**ABOUT THIS EXERCISE:** From the line that contains "Others 5, Hotel Bolognese, Rome" through the last line of the data, copy everything exactly and nothing else, omitting the pictures.

**DATA PROVIDED:**
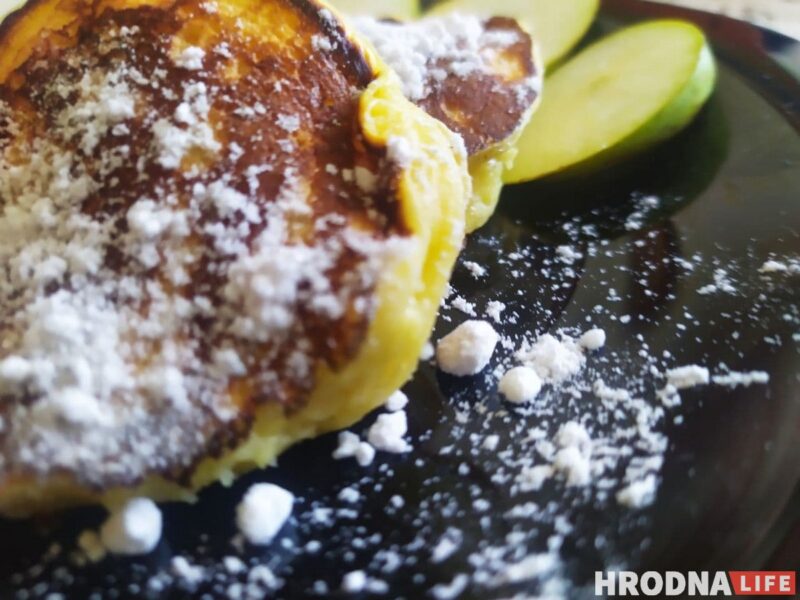 Готовь быстро, ешь медленно. Пышные оладушки для воскресного завтрака Готовь быстро, ешь медленно. Пышные оладушки для воскресного завтрака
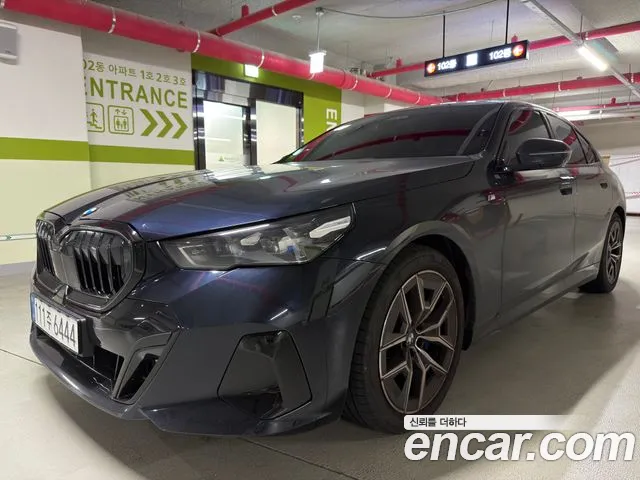 BMW 5-Series — Фото автомобиля 4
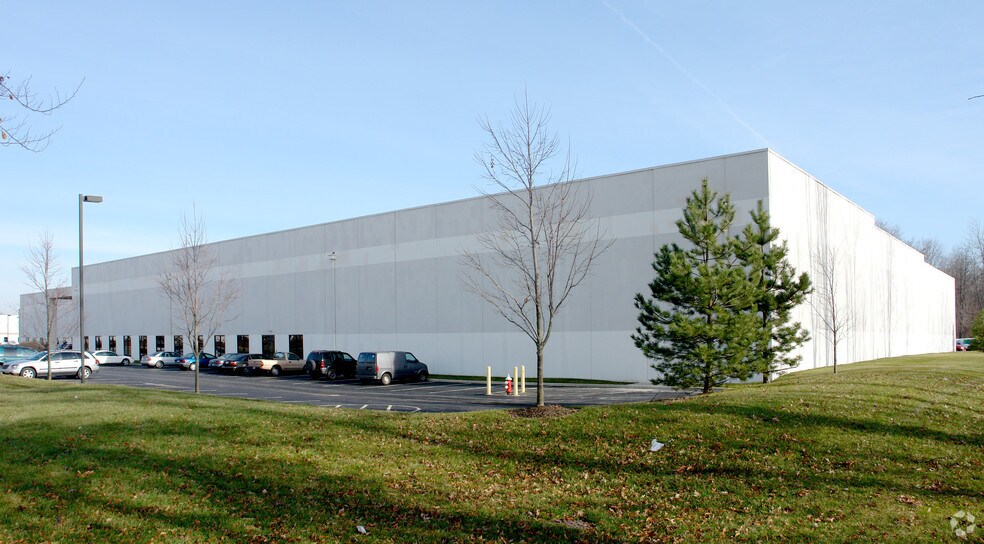 More Photos Of 3445-3455 Millennium Ct, Columbus Distribution For Lease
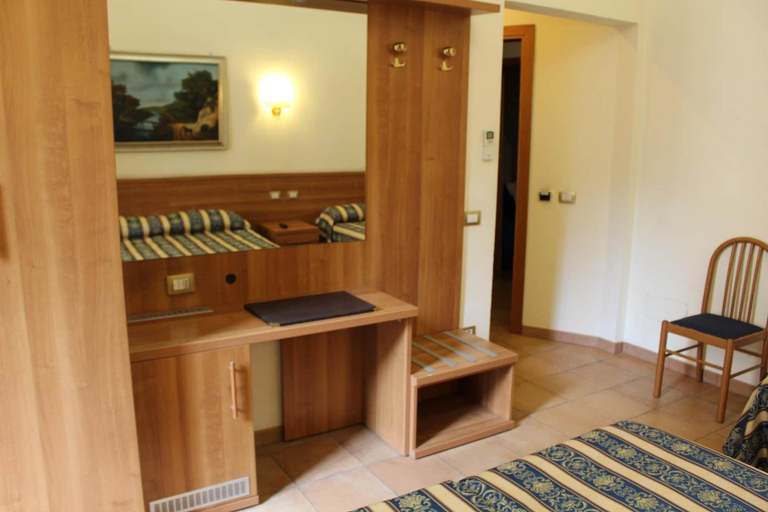 Others 5, Hotel Bolognese, Rome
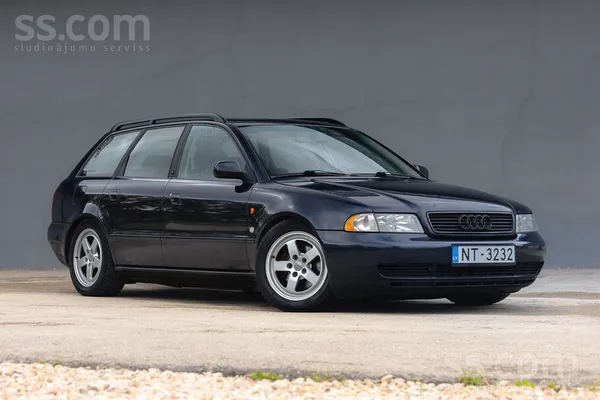 Audi Pārdodu Audi A4 Quattro. Manuāls, 2.6 v6 benzīns.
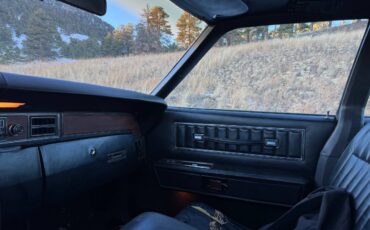 Lincoln-continental-1973-16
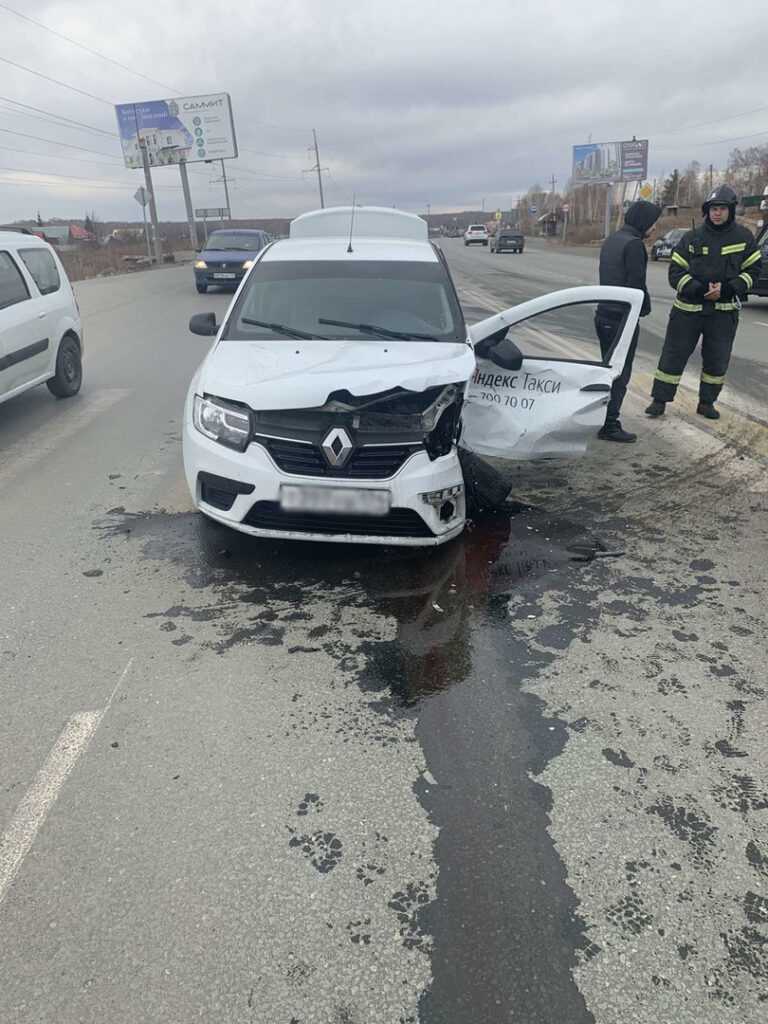 В Сосновском районе водитель такси попал в больницу после ДТП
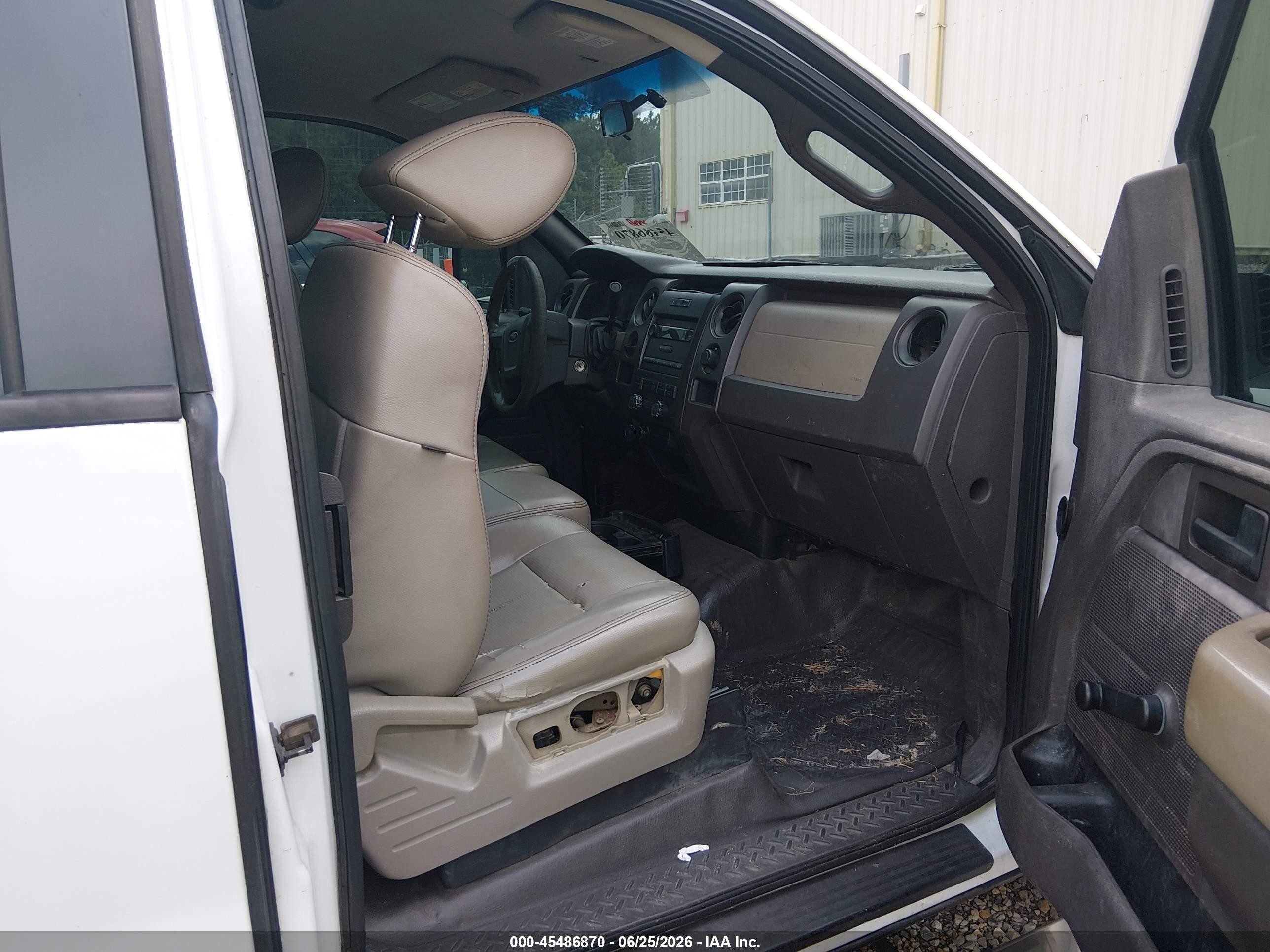 2010 Ford F-150 Stx/xl White vin: 1FTEX1CW1AFA06024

**TASK RESPONSE:**
 Others 5, Hotel Bolognese, Rome
 Audi Pārdodu Audi A4 Quattro. Manuāls, 2.6 v6 benzīns.
 Lincoln-continental-1973-16
 В Сосновском районе водитель такси попал в больницу после ДТП
 2010 Ford F-150 Stx/xl White vin: 1FTEX1CW1AFA06024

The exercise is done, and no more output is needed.